Tendances politiques et répression
Le président kenyan Ruto a accusé certains hommes politiques d'inciter les jeunes à l'émeute et a mis en garde contre les conséquences : "La police est formée pour s'occuper des criminels, pas pour devenir parent. Si vous confiez vos enfants à la police, qu'attendez-vous ?"
Le droit de manifester est protégé par la constitution kenyane, mais les autorités ont qualifié les récentes manifestations de pillage chaotique. Les procureurs kenyans ont inculpé plusieurs jeunes pour incendie criminel et terrorisme, tandis que les juges ont fixé des conditions de libération sous caution élevées, même si nombre d'entre eux clament leur innocence.
Les groupes de défense des droits de l'homme ont condamné le recours aux accusations de terrorisme. « Nous sommes profondément préoccupés par les abus continus de la loi antiterroriste pour contrôler l'ordre public », indique un communiqué du Groupe de travail sur les réformes de la police, une coalition d'organisations de la société civile qui surveillent la police. « Cette pratique porte atteinte au système de justice pénale du Kenya et met en péril d’importants partenariats internationaux visant à protéger la sécurité nationale. »
La section kenyane de la Commission internationale de juristes a exprimé dimanche son inquiétude face à la tendance croissante aux arrestations arbitraires et aux accusations fabriquées de toutes pièces visant des jeunes innocents. « Ce qui a commencé comme une attaque contre les jeunes manifestants exigeant des comptes s’est transformé en une attaque à grande échelle contre la démocratie au Kenya », a déclaré l’organisation de défense des droits humains.
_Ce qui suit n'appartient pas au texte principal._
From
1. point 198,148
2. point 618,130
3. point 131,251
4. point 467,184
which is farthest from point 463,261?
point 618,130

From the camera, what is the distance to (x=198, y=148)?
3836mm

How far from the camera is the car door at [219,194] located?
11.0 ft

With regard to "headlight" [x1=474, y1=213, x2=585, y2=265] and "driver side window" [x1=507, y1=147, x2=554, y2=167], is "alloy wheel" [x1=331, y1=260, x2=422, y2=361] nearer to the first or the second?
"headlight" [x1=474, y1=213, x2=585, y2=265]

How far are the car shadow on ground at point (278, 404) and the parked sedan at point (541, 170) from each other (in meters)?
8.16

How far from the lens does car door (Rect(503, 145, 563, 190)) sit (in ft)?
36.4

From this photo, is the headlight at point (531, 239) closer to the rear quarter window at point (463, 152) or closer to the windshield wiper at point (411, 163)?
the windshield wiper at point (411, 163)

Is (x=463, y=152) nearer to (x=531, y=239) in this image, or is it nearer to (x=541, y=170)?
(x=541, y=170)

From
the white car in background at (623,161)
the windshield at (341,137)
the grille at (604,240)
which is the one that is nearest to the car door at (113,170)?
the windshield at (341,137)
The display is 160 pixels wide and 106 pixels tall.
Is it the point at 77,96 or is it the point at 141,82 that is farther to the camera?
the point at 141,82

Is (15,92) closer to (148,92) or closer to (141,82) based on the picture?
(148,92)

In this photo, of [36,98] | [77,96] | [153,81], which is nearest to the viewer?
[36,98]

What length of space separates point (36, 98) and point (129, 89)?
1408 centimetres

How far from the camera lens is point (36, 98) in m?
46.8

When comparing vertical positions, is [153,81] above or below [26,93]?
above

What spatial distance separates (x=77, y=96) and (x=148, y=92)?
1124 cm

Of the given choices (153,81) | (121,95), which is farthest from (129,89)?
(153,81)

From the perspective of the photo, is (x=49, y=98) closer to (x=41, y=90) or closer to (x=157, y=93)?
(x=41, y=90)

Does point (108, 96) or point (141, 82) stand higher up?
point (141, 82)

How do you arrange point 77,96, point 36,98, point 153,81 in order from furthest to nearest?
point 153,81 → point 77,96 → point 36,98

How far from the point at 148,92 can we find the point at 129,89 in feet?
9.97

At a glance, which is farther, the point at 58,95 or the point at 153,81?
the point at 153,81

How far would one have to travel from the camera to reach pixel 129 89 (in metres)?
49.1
Les graves violences policières et leurs conséquences
Le gouvernement nie tout acte répréhensible. Le bureau du directeur des poursuites pénales a défendu le recours aux accusations de terrorisme, affirmant que les manifestations étaient des « actes de violence ciblés et coordonnés ». Le bureau reste « déterminé à mettre en œuvre son mandat constitutionnel conformément à la réglementation, dans l’intérêt public et à faire respecter la justice », a-t-il ajouté lundi.
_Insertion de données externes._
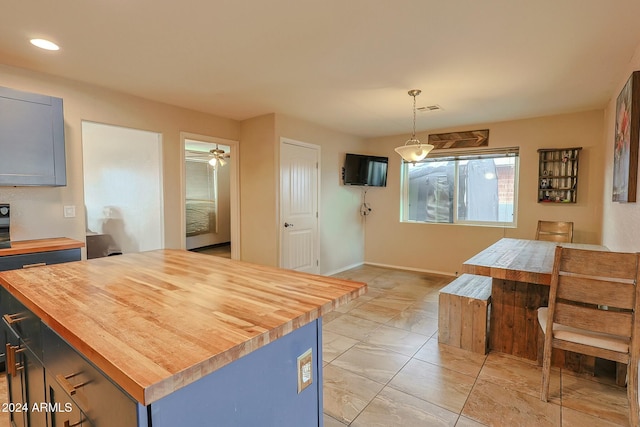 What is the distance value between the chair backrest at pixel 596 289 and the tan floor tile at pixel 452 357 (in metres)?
0.76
Des militants comme Mwangi et des experts juridiques affirment que le gouvernement kenyan criminalise la dissidence, en utilisant des accusations telles que terrorisme, incendie criminel et blanchiment d'argent pour inciter à la peur parmi les manifestants. Au cours des 12 derniers mois, CNN a filmé à plusieurs reprises les forces de sécurité dispersant violemment les manifestations et tirant sur des manifestants non armés.
Au moins 38 personnes ont été tuées et 130 blessées lors d'une manifestation au début du mois, selon la Commission nationale des droits de l'homme du Kenya. Le président Ruto avait précédemment exhorté les policiers à tirer dans les jambes des « pillards et incendiaires » s’ils constituaient une menace au lieu de les tuer.
Son ministre de l'Intérieur, Kipchumba Murkomen, est allé plus loin et a ordonné aux policiers de tirer sur les manifestants qui s'approchaient des commissariats de police. Bien que l’ancien professeur de droit ait tenté d’atténuer ses propos après le tollé général, il n’a pas annulé l’ordonnance.
Lundi, Murkomen a interrogé les voix critiques sur les allégations de terrorisme, demandant : "Si vous faites une descente dans un commissariat de police, l'incendiez et volez des armes... si vous brûlez des tribunaux et détruisez des entreprises, quel est le crime si ce n'est pas du terrorisme ?"
Mwangi a déclaré à CNN que Ruto et son gouvernement essayaient d'utiliser la DCI pour criminaliser la dissidence, ce qui est autorisé par la constitution – « mais ils échoueront ». Il a ajouté : "Ils veulent empêcher les jeunes de manifester parce qu'il sera difficile d'obtenir du travail ou même un visa. Et si les jeunes n'ont pas peur, alors ils veulent déstabiliser les parents."